Records excerpted from a collection
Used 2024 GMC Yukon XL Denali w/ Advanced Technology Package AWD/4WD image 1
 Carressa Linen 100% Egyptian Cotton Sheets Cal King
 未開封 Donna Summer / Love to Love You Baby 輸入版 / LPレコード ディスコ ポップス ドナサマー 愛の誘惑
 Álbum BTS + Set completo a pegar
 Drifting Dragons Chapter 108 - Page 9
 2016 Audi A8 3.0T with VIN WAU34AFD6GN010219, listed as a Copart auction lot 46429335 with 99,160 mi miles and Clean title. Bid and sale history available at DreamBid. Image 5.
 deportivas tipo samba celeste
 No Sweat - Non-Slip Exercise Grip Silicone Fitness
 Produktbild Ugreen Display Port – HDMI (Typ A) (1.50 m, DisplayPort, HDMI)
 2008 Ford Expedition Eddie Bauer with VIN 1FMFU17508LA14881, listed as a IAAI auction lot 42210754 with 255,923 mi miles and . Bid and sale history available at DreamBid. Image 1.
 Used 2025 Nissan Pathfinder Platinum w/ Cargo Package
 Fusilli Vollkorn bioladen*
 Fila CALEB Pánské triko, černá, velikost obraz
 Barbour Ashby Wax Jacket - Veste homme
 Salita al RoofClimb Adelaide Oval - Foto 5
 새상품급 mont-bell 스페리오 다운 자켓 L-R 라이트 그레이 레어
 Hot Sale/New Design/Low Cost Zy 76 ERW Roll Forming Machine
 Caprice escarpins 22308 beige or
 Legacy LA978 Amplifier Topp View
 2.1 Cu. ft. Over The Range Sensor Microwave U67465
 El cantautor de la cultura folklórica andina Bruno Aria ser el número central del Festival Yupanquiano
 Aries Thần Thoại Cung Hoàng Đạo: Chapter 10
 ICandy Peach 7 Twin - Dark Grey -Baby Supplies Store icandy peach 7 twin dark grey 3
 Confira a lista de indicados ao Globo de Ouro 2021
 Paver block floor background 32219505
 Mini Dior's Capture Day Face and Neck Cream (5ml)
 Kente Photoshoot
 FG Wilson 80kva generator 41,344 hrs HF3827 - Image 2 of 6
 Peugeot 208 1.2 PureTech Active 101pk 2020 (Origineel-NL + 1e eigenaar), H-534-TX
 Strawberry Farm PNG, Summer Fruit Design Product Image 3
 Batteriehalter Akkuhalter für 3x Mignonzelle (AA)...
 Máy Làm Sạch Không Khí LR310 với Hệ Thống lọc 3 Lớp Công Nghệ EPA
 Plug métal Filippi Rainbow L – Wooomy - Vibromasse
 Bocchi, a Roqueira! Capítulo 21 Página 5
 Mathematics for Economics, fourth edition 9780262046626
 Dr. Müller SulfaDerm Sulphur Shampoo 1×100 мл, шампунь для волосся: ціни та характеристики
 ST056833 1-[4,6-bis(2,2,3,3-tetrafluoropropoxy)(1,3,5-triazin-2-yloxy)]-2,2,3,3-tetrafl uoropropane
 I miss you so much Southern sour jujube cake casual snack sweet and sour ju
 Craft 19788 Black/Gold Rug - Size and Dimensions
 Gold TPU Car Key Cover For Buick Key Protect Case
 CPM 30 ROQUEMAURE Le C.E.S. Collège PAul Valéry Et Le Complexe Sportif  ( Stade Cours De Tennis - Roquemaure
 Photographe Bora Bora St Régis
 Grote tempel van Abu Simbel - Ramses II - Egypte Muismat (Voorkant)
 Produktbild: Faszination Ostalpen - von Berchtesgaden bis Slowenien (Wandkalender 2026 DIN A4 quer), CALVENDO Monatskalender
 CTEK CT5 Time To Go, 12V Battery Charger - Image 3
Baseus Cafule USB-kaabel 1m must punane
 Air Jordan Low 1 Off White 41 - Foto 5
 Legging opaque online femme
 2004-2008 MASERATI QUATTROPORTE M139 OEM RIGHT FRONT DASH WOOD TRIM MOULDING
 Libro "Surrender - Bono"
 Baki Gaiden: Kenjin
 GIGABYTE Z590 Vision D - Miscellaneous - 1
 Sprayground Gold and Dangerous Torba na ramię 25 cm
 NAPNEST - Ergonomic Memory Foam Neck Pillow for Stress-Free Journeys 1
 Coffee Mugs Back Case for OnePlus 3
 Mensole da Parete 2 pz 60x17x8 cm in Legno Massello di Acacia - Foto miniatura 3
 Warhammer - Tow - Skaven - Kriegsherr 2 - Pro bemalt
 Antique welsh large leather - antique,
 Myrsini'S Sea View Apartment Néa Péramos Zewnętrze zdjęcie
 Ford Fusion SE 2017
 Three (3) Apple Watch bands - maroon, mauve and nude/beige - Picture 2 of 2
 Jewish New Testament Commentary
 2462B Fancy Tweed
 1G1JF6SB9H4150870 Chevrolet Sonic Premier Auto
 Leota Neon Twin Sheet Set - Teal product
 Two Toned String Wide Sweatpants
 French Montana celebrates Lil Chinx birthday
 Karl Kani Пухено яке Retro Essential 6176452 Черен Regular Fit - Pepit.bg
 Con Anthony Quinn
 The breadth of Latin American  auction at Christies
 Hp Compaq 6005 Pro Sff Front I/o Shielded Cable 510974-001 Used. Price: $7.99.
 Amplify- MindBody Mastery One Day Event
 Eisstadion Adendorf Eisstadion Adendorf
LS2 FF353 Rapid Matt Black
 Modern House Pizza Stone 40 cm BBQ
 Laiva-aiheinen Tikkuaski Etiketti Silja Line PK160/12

- _Task item_
Your reply is to repeat, unchanged, the lines above running from the one with "2462B Fancy Tweed" up to and including the one with "Hp Compaq 6005".

- _Result of the exercise_
 2462B Fancy Tweed
 1G1JF6SB9H4150870 Chevrolet Sonic Premier Auto
 Leota Neon Twin Sheet Set - Teal product
 Two Toned String Wide Sweatpants
 French Montana celebrates Lil Chinx birthday
 Karl Kani Пухено яке Retro Essential 6176452 Черен Regular Fit - Pepit.bg
 Con Anthony Quinn
 The breadth of Latin American  auction at Christies
 Hp Compaq 6005 Pro Sff Front I/o Shielded Cable 510974-001 Used. Price: $7.99.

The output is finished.